Malgré la restauration des relations diplomatiques le 29 novembre et la visite «historique» de Nicolas Sarkozy à Kigali aujourd’hui, de lourdes hypothèques pèsent encore sur les relations franco-rwandaises.

L’enquête sur l’attentat du 6 avril 1994

Le temps des relations diplomatiques et celui de la justice ne vont pas toujours de pair. L’instruction menée par le juge Bruguière, qui avait mis en examen et délivré des mandats d’arrêt contre neuf proches du président Kagame, a beau avoir été reprise par Marc Trévidic et minée par la rétractation spectaculaire de témoins clés, l’exécutif ne peut tout simplement pas annuler une procédure judiciaire en cours. Ce que Kigali ne comprend pas toujours. Surtout, la volonté de clore l’enquête se heurte aux attentes des parties civiles, notamment les familles des trois Français du personnel de bord, qui ont péri dans l’attentat, et de la famille du président rwandais Habyarimana, dont la veuve, Agathe Kanziga, vit en France malgré le rejet de sa demande d’asile.

Les procédures judiciaires visant des génocidaires présumés

Agathe Kanziga, justement, est visée par une instruction pour «incitation au génocide». Jusqu’à très récemment, la France a fait presque systématiquement obstruction au jugement de génocidaires présumés vivant sur son sol. Or, la France est, avec la Belgique, le pays ayant accueilli le plus de réfugiés rwandais.

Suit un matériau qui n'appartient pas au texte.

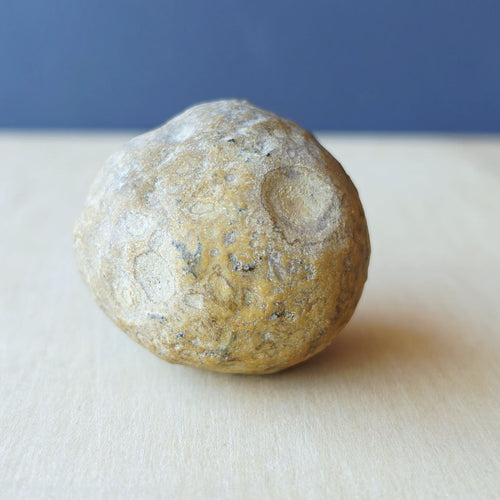 Gobi Desert Agate Large | Desert Eyes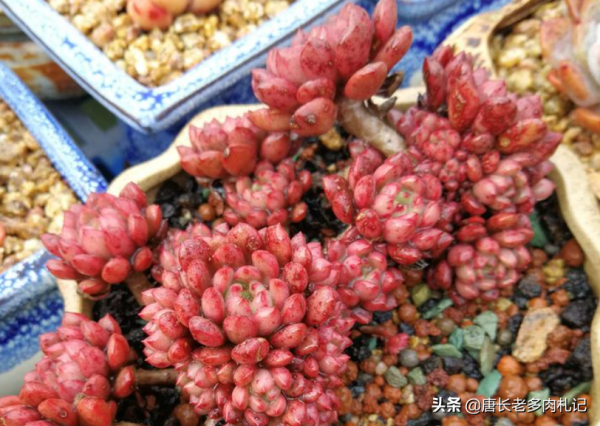 新玩法——用玻璃瓶養多肉,既方便打理又易於上色,陽臺黨的福音 新玩法——用玻璃瓶養多肉,既方便打理又易於上色,陽臺黨的福音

André Guichaoua, spécialiste du Rwanda, est particulièrement sévère sur cet aspect de la politique française : «Parmi ces réfugiés, des filières ont permis que s’installent des personnes sur lesquelles pèsent des doutes plus que sérieux en matière de crimes de génocide. La Belgique a fait des efforts réels dans ce domaine. La France ne les a jamais faits.» Une inaction qui trouve sa source dans la raison d’Etat, d’après un observateur bien informé : «Il y a, en France, de vrais assassins et qui sont entrés grâce à des filières diplomatiques. Les juger serait reconnaître qu’on a accueilli ces gens en connaissance de cause», explique cette source.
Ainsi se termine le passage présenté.